= Try it =
Starting with the line that contains "Complete calcaneal fracture" and stopping after the line that contains "Results before (left)", copy the entries below exactly. Include nothing else.

= Given data =

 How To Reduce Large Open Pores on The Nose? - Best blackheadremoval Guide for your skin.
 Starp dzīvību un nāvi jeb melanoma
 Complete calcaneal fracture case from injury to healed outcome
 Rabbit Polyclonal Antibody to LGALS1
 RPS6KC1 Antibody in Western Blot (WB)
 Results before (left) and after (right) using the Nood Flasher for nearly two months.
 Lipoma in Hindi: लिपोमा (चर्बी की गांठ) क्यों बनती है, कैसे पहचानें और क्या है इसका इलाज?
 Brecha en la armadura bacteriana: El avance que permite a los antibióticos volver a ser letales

--

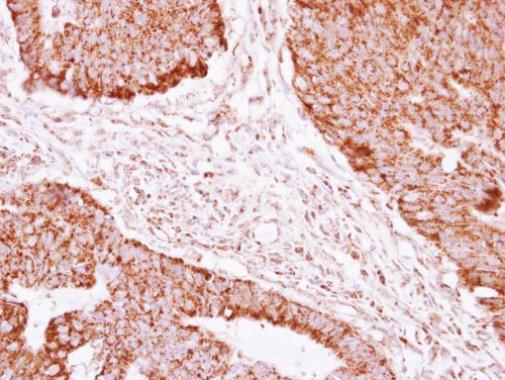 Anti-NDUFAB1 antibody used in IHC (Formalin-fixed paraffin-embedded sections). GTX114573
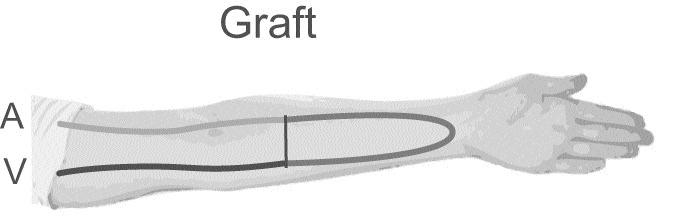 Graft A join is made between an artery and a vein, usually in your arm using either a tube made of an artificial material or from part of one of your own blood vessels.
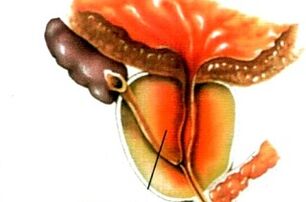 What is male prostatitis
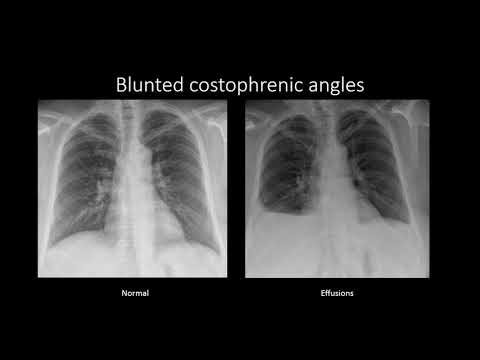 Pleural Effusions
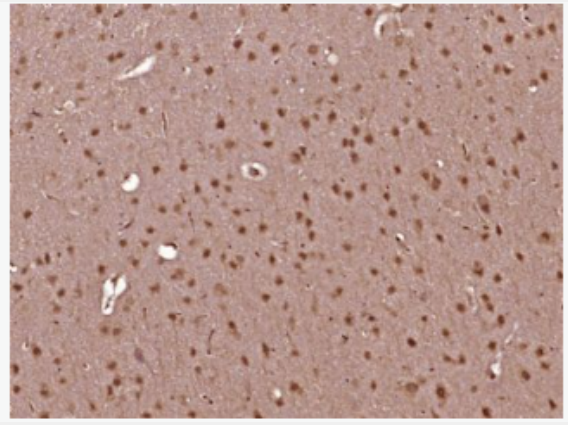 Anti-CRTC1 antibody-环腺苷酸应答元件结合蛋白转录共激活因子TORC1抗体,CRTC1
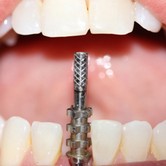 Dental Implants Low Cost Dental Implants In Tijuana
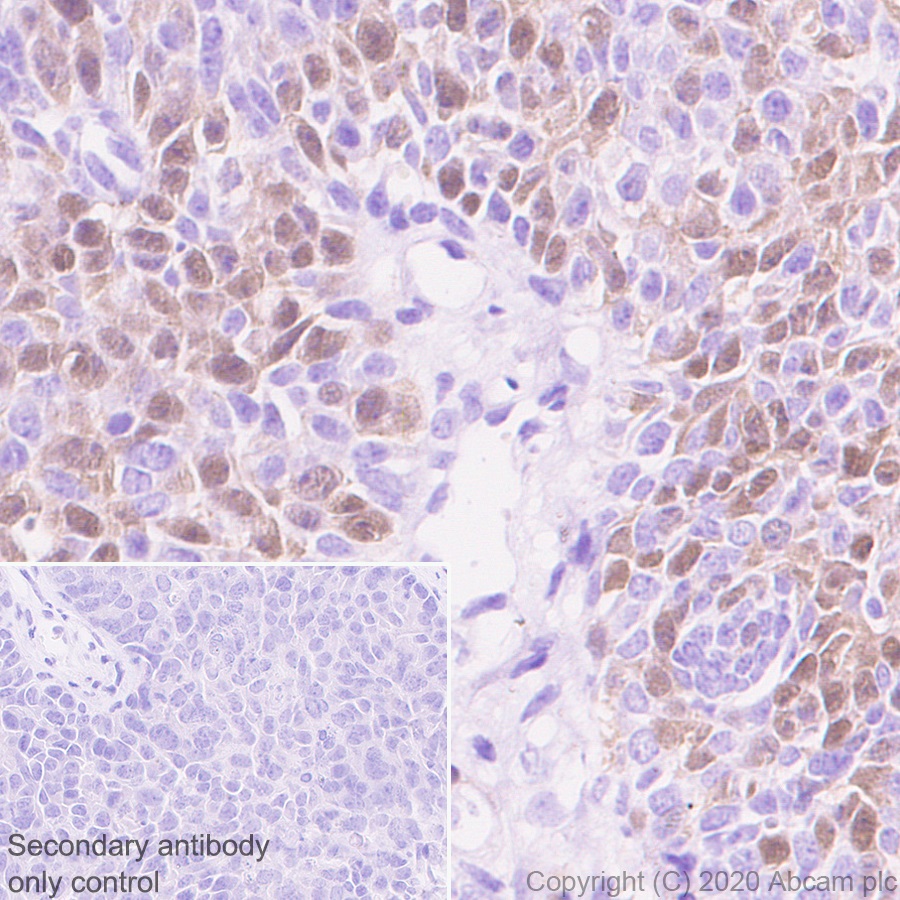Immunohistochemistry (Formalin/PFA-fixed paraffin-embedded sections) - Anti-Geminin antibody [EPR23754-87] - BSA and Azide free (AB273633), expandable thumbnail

* * *

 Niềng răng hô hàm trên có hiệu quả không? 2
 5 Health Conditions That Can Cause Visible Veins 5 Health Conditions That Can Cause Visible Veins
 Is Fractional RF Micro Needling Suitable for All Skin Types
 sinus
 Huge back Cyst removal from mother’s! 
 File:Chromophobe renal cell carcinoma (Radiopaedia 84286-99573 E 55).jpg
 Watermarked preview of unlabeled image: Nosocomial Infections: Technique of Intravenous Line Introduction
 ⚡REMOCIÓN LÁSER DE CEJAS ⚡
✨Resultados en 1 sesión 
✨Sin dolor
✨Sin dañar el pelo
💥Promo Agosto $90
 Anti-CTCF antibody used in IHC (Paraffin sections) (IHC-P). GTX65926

= Finished exercise =
 Complete calcaneal fracture case from injury to healed outcome
 Rabbit Polyclonal Antibody to LGALS1
 RPS6KC1 Antibody in Western Blot (WB)
 Results before (left) and after (right) using the Nood Flasher for nearly two months.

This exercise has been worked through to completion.